Le double mandat est aussi une réponse à la mutation identitaire du souverainisme. Dans un texte qui date du début de 2013, j’avais avancé une explication pour la crise profonde du PQ et du Bloc.[iv] En bref, l’absence de contenu social, démocratique ou autre à leur projet de pays, combinée avec leur vide stratégique, ont mené ces partis à faire de l’idée de la souveraineté rien de plus qu’un marqueur identitaire. Ils nous disent en substance : « Nous sommes souverainistes et donc si vous êtes souverainistes vous devriez voter pour nous. ». Cette souveraineté identitaire, qui n’a plus rien d’un projet politique concret, va aussi de pair avec une confusion entre souverainisme et identité québécoise. On nous laisse entendre que si on est vraiment québécois et qu’on souhaite défendre « les intérêts du Québec », il faut voter pour ces deux partis. L’effondrement du Bloc en 2011 et la défaite brutale du PQ en 2014 démontrent clairement qu’une bonne partie de leur base électorale traditionnelle ne veut plus les suivre sur ce terrain.

Le problème est que l’indépendance du Québec (ou la souveraineté-association, ou le fédéralisme autonomiste) n’est pas une identité mais un projet politique parmi d’autres possibles. Les autonomistes et même les partisans du statu quo ne son pas moins québécois que les indépendantistes. Le processus constituant doit appartenir à toute la population du Québec, sur la base d’un nationalisme civique strict, ce que favorise le tirage au sort des membres de l’assemblée.
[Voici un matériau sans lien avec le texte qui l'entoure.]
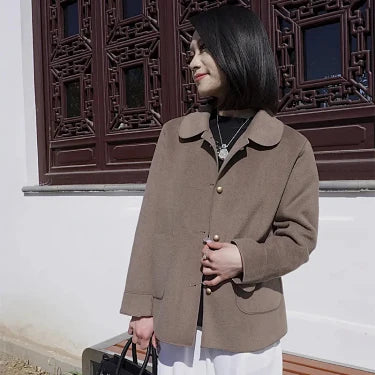 Double-sided Plush Solid-colored Coat With Button Fastening And Loose Fit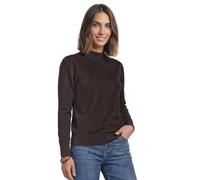 Stehkragenpullover STREET ONE, Damen, Gr. 42, schwarz coffee, Stoff, 78% Viskose, 22% Polyamid, unifarben, normal normal, hoch geschlossener Ausschnitt, Rippbündchen, Pullover Stehkragenpullover, aus 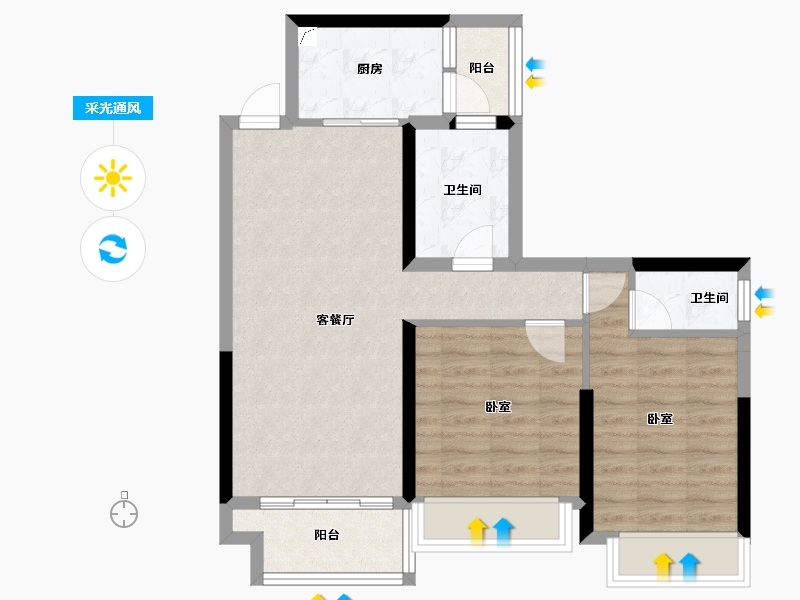 广东省-江门市-方圆月岛首府-70.63-户型库-采光通风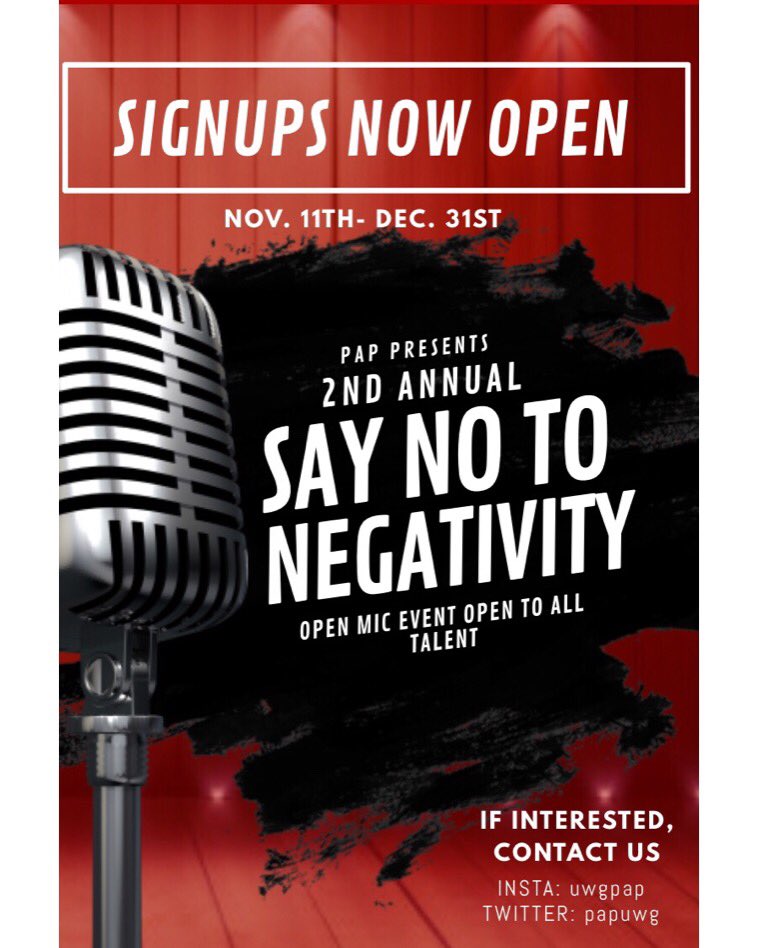 PAPUWG's tweet photo. Signs up for our biggest event are now open, get with a PAP member to see how you can sign up 🗣 
•
•
•
•
#saynotonegativity #uwgpap #uwg23 #uwg22 #uwg21 #uwg20 #uwg #like #retweet https://t.co/yJOx85SIdK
Pour sortir le Québec de l’impasse actuelle, il faut donc distinguer quatre niveaux de discours politique, ceux de l’identité nationale, de la citoyenneté, de l’expertise scientifique ou technique et du projet éthico-politique.[v] L’identité nationale est mouvante, multiforme, issue de l’histoire et en constante redéfinition. Elle appartient aux artistes, aux écrivains, au domaine de la culture. Tenter d’en faire le fondement d’un projet politique, et donc d’en circonscrire le sens, conduit à des tensions profondes et à de la démagogie populiste, comme on l’a constaté avec le projet de Charte des valeurs. La citoyenneté est universelle. Si elle s’inscrit sur un territoire en raison d’enjeux identitaires, elle ne s’y limite pas. Ceux et celles qui vivent au Québec la possèdent en égale mesure. C’est à ce niveau que doit se situer le processus constituant et la démarche d’auto-détermination. L’expertise scientifique et technique a aussi une place dans les débats politiques. En ce qui concerne la constituante, il s’agira principalement de l’expertise légale des constitutionnalistes qui pourront expliquer aux membres de l’assemblée quelles sont les limites imposées à une constitution provinciale, par exemple.
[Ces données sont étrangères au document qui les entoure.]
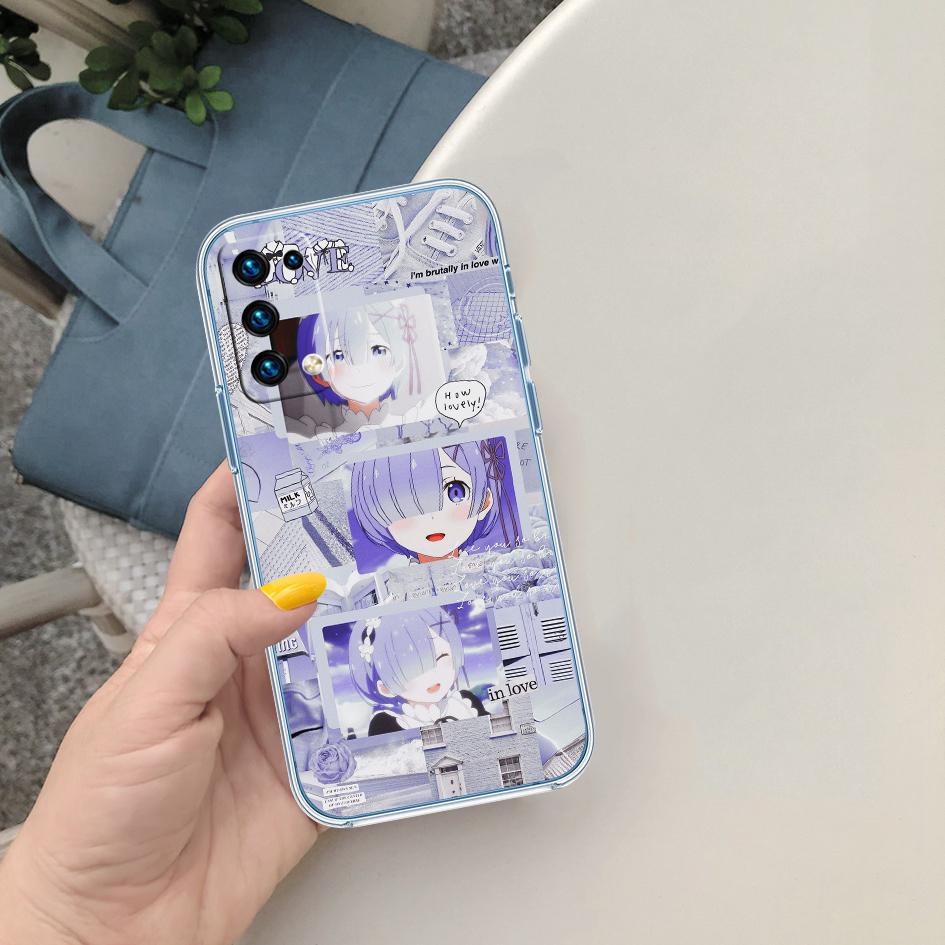 CJ48 Emilia Re Zero Ram Rem Soft Shell Transparent Phone Case for Motorola Moto G7 G8 G9 G84 G85 G73 G24 G15 Z2 Play Power Plus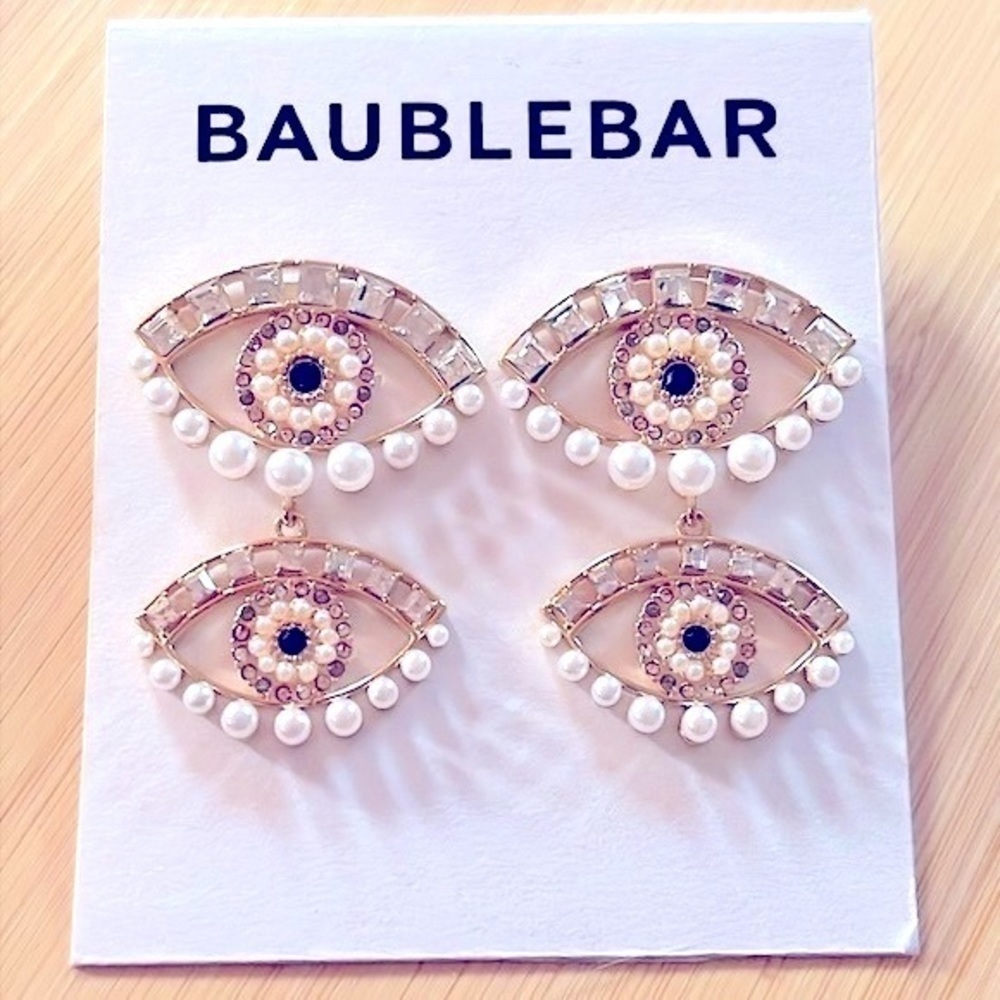 Brand New BaubleBar Evil Eye Beaded Pearl Rhinestone Gold Tone Drop Earrings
Quand aux projets éthico-politiques, ils appartiennent aux partis et aux mouvements sociaux, aux collectifs d’intellectuels, etc. Ils sont par essence multiples, comme le sont les valeurs, les intérêts et les opinions qui s’y confrontent. L’idée de l’indépendance du Québec doit se situer sur ce terrain. C’est un choix collectif possible, le meilleur dans les circonstances actuelles du néocolonialisme canadien et de la mondialisation. Mais il ne doit pas être confondu avec l’identité nationale ou le droit partagé par toute la population à déterminer son avenir.



[ii] Roméo Bouchard, Constituer le Québec. Pistes de solution pour une véritable démocratie, Atelier 10.
[v] J’emprunte ici à une lecture indirecte d’une des thèses de Habermas sur les niveaux du discours politique.